_ASSIGNMENT_: In the material below, find the line with "First time in" and the line with "Studioporträt einer Albino-Frau", then output those two lines and every line between them, exactly.

_SOURCE RECORDS_:
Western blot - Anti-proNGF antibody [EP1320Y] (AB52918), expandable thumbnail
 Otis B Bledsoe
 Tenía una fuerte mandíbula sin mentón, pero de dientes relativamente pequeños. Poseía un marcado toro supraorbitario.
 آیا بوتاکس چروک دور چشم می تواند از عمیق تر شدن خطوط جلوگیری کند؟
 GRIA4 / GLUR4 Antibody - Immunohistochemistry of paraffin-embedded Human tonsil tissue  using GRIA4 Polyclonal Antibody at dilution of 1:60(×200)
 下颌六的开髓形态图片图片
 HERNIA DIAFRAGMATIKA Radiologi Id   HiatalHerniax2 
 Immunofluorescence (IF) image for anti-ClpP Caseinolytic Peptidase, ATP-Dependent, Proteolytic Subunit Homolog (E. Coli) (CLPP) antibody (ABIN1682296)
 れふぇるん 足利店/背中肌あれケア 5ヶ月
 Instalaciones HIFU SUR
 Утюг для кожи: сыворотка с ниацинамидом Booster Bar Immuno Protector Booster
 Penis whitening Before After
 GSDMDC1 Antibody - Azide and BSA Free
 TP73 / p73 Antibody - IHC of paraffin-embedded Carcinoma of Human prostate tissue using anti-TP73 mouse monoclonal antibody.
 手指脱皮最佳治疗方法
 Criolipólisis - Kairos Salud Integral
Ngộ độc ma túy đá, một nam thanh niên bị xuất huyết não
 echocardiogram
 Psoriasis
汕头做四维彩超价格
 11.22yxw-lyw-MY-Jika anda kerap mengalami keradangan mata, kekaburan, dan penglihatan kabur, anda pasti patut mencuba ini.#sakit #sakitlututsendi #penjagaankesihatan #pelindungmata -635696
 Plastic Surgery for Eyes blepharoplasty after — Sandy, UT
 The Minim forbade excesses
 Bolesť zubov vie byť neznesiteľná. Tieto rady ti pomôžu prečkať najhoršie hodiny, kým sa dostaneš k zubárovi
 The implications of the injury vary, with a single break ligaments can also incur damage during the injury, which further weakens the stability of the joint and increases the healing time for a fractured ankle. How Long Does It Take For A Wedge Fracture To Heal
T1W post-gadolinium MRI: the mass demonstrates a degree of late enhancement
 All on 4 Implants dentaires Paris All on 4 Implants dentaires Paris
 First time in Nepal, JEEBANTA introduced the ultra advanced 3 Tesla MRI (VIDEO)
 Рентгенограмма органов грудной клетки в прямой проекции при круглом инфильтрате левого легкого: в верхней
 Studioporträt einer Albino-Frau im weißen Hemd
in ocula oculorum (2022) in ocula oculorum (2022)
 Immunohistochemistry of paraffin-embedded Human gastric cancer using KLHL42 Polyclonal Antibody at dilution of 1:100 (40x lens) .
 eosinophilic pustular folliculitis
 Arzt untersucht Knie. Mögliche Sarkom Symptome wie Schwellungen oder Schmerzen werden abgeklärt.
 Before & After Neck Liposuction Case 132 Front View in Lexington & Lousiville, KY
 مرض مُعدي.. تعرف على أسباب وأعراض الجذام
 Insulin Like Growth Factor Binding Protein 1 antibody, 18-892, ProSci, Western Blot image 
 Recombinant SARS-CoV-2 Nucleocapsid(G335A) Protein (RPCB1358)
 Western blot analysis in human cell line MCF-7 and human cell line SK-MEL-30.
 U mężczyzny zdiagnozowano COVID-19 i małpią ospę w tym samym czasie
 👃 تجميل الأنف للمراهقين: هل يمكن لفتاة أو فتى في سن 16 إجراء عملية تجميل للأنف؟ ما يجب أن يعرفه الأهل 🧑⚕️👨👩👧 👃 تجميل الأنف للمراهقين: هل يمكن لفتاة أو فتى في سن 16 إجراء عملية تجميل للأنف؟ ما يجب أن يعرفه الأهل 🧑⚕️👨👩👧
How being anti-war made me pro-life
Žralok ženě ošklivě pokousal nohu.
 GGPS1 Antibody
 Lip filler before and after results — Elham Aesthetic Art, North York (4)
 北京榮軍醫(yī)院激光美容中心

_YOUR RESPONSE_:
 First time in Nepal, JEEBANTA introduced the ultra advanced 3 Tesla MRI (VIDEO)
 Рентгенограмма органов грудной клетки в прямой проекции при круглом инфильтрате левого легкого: в верхней
 Studioporträt einer Albino-Frau im weißen Hemd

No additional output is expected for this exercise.